Using a stand-alone discard symbol (_) is also possible:
read "/sample/*.csv" as _
show table "Files" with
Files.Alias // '_'
Files.Path
This feature is typically intended for scripts that are analyzing the presence or absence of files, ignoring of their content.
Read options and formats
Table-level read options control parsing. Values must be literals.
read "/sample/products.csv"
fileformat:"csv" quotes:false skip:0 separator:"," as Products with
Product : text
Price : number
Options include fileformat, skip, encoding, headers, quotes,
separator, spreadsheet, date, and number.
fileformat overrides extension-based format detection.

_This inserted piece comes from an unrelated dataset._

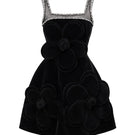 HAPPY CLOTHING CULT MIA X floral velvet mini dress featuring vibrant floral pattern and soft velvet fabric.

When overriding headers, pair headers with skip:1 to ignore the original
header line.
read "/manualfc" headers:"Id,M1,M2" skip:1 as ManualFC with
"Id" as Id : text
Values : number = read("M1", "M2")
For .xlsx files, the spreadsheet option selects a sheet by name
(case-insensitive). When omitted, the first sheet is read. An unknown sheet
name produces a runtime error.
read "/sample/items.xlsx" spreadsheet:"Sheet2" as Items with
Id : number
Label : text
File formats
Formats are detected by file extension. Supported formats include:
.csv, .tsv, .txt, .csv.gz, .tsv.gz, .xlsx, .ion, and .zip.
ZIP archives must contain exactly one file.
For flat text files, Envision auto-detects separators and number/date formats unless overridden. Header-free files are supported but fragile; prefer headers.
Accepted encoding values:
ibm861,ibm865ISO-8859-1(latin1)UTF-8,UTF-16Windows-1250,Windows-1252
Date formats use tokens like d, dd, M, MM, MMM, MMMM, yy, yyyy.
Number formats use 0 and separators, for example "0,0" or "0.0".
Sanitizing input values
When input values are inconsistent, read them as text and parse in-script:
read "/sample/products.csv" as Products with
Product : text
SizeRaw : text = read("Size")
Products.IsSizeDefined, Products.Size =
tryParseNumber(Products.SizeRaw, "", ",")
Filesystem atomicity
Reads observe a snapshot of the filesystem. Writes happen at script end and
are not visible during the same run. Two write blocks cannot target the same
path in a single script.
Datatype read/write support
The following table lists the database that can be read or written, depending on the intended file format.
| Type | TSV read/write | Ionic read/write |
|---|---|---|
| boolean | yes | yes |
| date | yes | yes |
| embedding | no | yes |
| markdown | no | no |
| month | yes | yes |
| number | yes | yes |
| ranvar | no | yes |
| text | yes | yes |
| week | yes | yes |
| text | yes | yes |
| zedfunc | no | yes |
Only .ion supports ranvar, zedfunc, and embedding.